- [Directions]:
Use the entries below and reproduce exactly the lines from the one containing "woman looking road" down to the one containing "Orange Calcite Palm Stone", both of them included.

- [Input data]:
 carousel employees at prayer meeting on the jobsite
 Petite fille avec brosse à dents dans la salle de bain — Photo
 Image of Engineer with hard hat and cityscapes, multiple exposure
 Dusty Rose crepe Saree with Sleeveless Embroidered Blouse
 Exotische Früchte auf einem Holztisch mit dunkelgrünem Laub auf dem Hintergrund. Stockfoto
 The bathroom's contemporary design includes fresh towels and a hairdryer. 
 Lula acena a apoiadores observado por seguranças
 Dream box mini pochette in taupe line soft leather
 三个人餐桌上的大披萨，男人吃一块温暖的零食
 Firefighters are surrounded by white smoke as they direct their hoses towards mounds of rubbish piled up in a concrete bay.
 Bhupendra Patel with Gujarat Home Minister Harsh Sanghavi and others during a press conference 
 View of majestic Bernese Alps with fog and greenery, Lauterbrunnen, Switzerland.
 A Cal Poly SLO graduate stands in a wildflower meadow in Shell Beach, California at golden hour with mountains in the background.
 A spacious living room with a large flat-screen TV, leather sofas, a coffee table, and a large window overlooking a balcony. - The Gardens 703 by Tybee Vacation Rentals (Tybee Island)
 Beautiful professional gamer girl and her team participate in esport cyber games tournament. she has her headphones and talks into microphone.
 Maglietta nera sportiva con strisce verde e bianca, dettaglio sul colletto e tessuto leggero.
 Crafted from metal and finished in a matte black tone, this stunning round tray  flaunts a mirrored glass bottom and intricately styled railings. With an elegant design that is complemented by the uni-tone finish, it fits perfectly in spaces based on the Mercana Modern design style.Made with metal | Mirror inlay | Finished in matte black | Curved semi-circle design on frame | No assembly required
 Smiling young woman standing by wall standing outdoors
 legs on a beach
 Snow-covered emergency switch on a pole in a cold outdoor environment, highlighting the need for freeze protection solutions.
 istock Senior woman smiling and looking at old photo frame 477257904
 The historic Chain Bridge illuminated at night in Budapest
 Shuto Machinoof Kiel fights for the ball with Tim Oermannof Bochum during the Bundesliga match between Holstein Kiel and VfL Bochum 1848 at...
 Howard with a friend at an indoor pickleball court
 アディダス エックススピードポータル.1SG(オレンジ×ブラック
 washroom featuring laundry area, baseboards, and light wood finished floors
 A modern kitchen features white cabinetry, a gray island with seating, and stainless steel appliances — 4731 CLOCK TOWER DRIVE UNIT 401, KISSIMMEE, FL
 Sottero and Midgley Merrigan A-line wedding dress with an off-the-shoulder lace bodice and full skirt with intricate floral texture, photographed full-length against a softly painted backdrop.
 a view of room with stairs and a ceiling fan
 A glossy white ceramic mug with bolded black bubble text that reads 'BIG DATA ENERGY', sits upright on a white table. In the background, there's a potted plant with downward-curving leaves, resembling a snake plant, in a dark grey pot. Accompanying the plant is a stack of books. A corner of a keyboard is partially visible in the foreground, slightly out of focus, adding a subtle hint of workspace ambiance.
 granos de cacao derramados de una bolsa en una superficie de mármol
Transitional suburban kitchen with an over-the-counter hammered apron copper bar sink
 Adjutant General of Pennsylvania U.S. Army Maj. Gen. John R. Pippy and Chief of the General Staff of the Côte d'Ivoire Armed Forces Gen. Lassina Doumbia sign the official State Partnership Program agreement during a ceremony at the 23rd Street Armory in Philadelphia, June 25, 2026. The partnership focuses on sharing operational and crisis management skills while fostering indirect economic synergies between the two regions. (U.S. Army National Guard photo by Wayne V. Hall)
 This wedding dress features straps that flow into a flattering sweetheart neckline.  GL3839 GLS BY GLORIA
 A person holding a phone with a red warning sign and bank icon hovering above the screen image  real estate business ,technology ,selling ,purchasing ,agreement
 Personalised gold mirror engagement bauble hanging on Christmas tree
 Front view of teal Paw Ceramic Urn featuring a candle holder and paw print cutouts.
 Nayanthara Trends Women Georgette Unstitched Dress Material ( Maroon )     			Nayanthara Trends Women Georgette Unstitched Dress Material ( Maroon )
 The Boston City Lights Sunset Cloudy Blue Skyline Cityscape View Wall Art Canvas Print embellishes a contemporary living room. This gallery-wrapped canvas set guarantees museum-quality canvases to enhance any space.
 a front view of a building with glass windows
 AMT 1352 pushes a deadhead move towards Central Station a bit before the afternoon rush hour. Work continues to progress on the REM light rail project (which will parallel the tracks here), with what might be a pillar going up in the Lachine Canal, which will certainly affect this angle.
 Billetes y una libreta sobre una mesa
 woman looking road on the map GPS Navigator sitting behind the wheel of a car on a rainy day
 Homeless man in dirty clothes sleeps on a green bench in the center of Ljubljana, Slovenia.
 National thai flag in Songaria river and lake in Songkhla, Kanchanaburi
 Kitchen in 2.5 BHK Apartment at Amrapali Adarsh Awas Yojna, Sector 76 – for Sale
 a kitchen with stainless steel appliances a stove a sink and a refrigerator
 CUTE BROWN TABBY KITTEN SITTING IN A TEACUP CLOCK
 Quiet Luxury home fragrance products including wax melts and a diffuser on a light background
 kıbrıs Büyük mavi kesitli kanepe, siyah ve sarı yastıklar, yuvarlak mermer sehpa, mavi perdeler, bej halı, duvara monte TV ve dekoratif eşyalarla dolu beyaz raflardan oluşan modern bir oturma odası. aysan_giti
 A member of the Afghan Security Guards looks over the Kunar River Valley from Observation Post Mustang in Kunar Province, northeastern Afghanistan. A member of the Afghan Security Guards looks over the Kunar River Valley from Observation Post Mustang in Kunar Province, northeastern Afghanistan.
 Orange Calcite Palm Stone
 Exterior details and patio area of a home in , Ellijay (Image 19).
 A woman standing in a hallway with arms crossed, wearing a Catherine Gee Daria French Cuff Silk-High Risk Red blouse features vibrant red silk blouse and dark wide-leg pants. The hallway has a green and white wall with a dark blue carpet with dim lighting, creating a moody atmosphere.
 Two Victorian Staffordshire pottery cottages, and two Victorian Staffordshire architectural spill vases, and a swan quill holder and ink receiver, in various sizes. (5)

- [Written response]:
 woman looking road on the map GPS Navigator sitting behind the wheel of a car on a rainy day
 Homeless man in dirty clothes sleeps on a green bench in the center of Ljubljana, Slovenia.
 National thai flag in Songaria river and lake in Songkhla, Kanchanaburi
 Kitchen in 2.5 BHK Apartment at Amrapali Adarsh Awas Yojna, Sector 76 – for Sale
 a kitchen with stainless steel appliances a stove a sink and a refrigerator
 CUTE BROWN TABBY KITTEN SITTING IN A TEACUP CLOCK
 Quiet Luxury home fragrance products including wax melts and a diffuser on a light background
 kıbrıs Büyük mavi kesitli kanepe, siyah ve sarı yastıklar, yuvarlak mermer sehpa, mavi perdeler, bej halı, duvara monte TV ve dekoratif eşyalarla dolu beyaz raflardan oluşan modern bir oturma odası. aysan_giti
 A member of the Afghan Security Guards looks over the Kunar River Valley from Observation Post Mustang in Kunar Province, northeastern Afghanistan. A member of the Afghan Security Guards looks over the Kunar River Valley from Observation Post Mustang in Kunar Province, northeastern Afghanistan.
 Orange Calcite Palm Stone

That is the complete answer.